For those looking for triathlon training advice and workout ideas, here are some tips to get you started.
Start off Easy
Even if you consider yourself to be in good shape, approach your training regimen for this unique race slowly. To begin with, set some basic, attainable goals such as training a set number of hours a week or increasing the difficulty of each workout by small amounts.
Work Hard, but Don’t Overtrain
For those new to triathlons, it’s important to stay attuned to your body. You can safely regulate your progress by:
- Getting at least seven to eight hours of sleep every night
- Making sure to stay hydrated
- Eating the correct amount of high-quality carbohydrates and protein an hour before and after working out
- Going at your own pace instead of someone else’s. Don’t base your workout on what someone else at a different fitness level is doing. Instead, track your own pace and try to improve from there.
Focus on (Safe) Swim Training
Mastering the art of swimming laps is a vital part of triathlon training. A large pool will do, but swimming in natural bodies of water — such as a clean freshwater lake or a regulated ocean area — is even better. Anytime you can train in the same environment as the race, take advantage of it! If possible, swim with others, particularly in open bodies of water.
Whether outdoors or inside, the most difficult part of swimming is perfecting your breathing and stroke or kick rhythm. Most trainers recommend taking three strokes before a breath, although you can take two or four strokes instead. After completing your strokes, make sure to roll to the side and inhale as much oxygen as you can. When your head is in the water, slowly exhale the carbon dioxide that’s building up.

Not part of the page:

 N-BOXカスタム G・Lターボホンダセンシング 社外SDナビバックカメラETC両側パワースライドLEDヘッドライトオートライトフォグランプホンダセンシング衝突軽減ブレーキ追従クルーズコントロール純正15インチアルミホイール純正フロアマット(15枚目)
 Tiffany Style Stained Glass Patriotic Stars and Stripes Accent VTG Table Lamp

A few tips on designing your swim workouts:
- Always warm up properly.
- Know the pace you want to maintain and stick to it.
- Stay relaxed and keep your rhythm and form consistent. If you feel yourself flailing or splashing, slow your pace until you’re able to get your form and breathing under control.

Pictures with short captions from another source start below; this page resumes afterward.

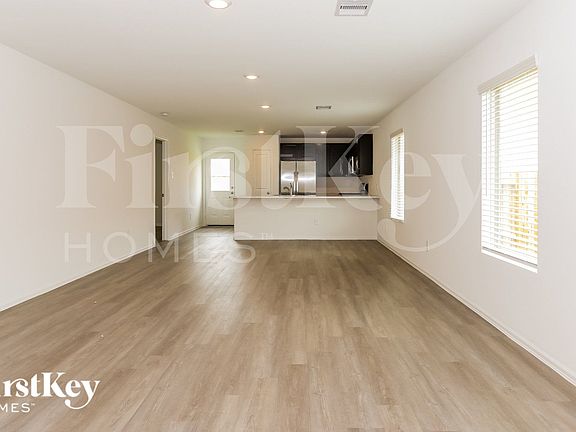 4th image of 427 Jewett Meadow Dr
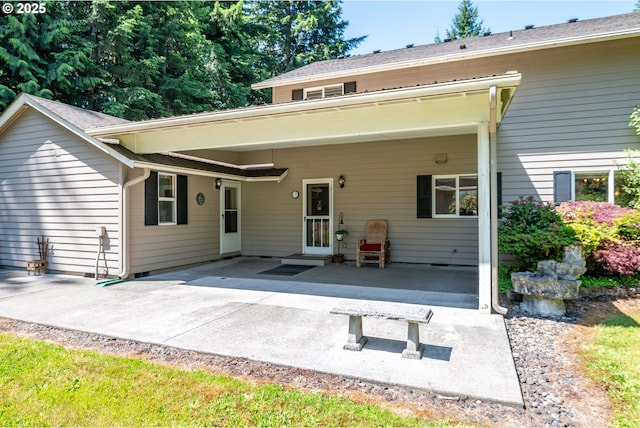 230 S Maple Hill Rd, Kelso, WA 98626 - rear view of property featuring a patio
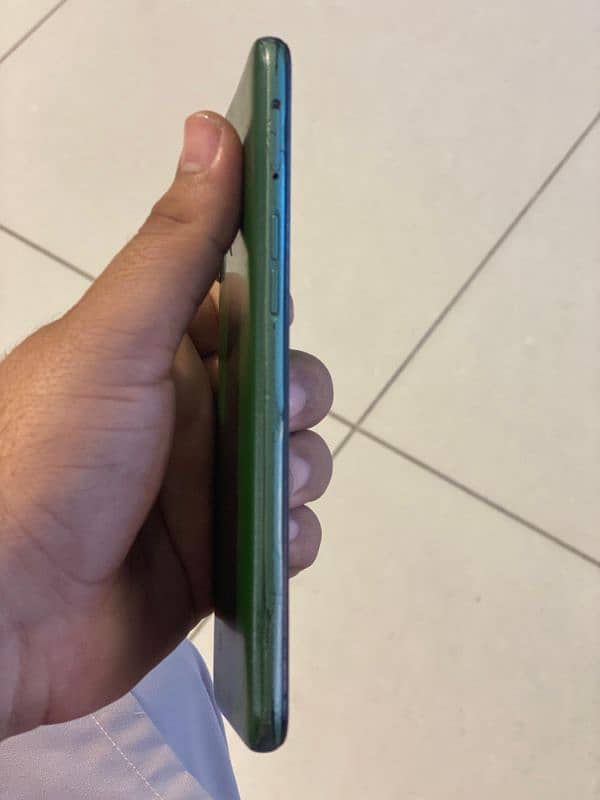 Realmi 6i 4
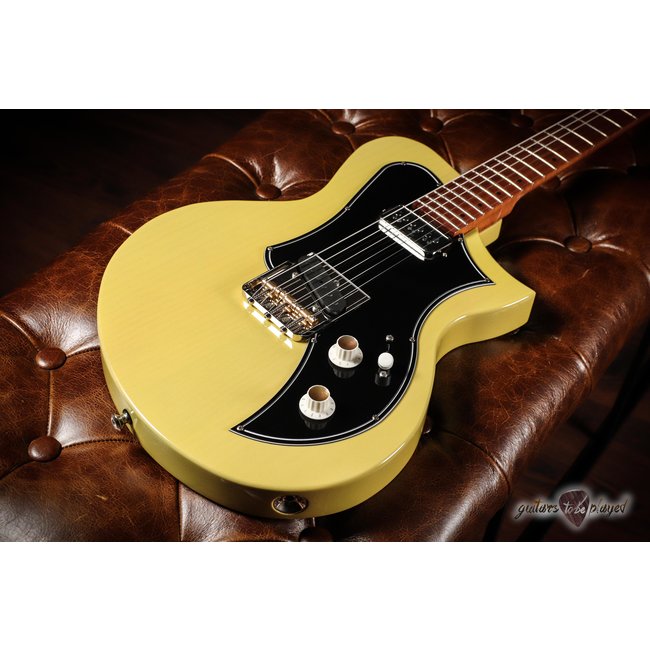 Kauer Korona Roasted Pine Body & Roasted Maple Neck Guitar – Tapioca Translucent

Invest in a Good Bike for Cycling Training
Triathlon veterans understand that having a good-quality bike helps immensely. An unsuitable bike creates too much drag and can deter your ability to train well. At the same time, there’s no reason to spend thousands of dollars on new equipment. Simply invest in a comfortable bike that’s lightweight and switches gears easily and has nice pedals, tires and brakes.
When training, stay focused on developing a consistent pedal stroke and breathing pattern. You also should train on similar terrain to where the triathlon will take place. If you only train on flat bike paths and enter a triathlon with steep hills, you’ll be in for a difficult race!
Avoid Injury at All Costs for Running Training
Before you hit the trail, remember that it’s crucial to have high-quality running shoes. Whether you’re a marathon runner or part-time jogger, they’re the best protection against getting injured. And always warm up before heading out for a run. If your muscles aren’t feeling loose, you’re prone to getting hurt.
A few running tips:
- Don’t run further than you should in your first few weeks. Increase your time and distance slowly.
- After about two weeks of successfully running your total race distance, begin adding more speed.
- Focus on using correct form to prevent shin splints or other common injuries.
- Stay well-rested, hydrated and fueled up.
- Don’t forget to cool down and stretch after working out.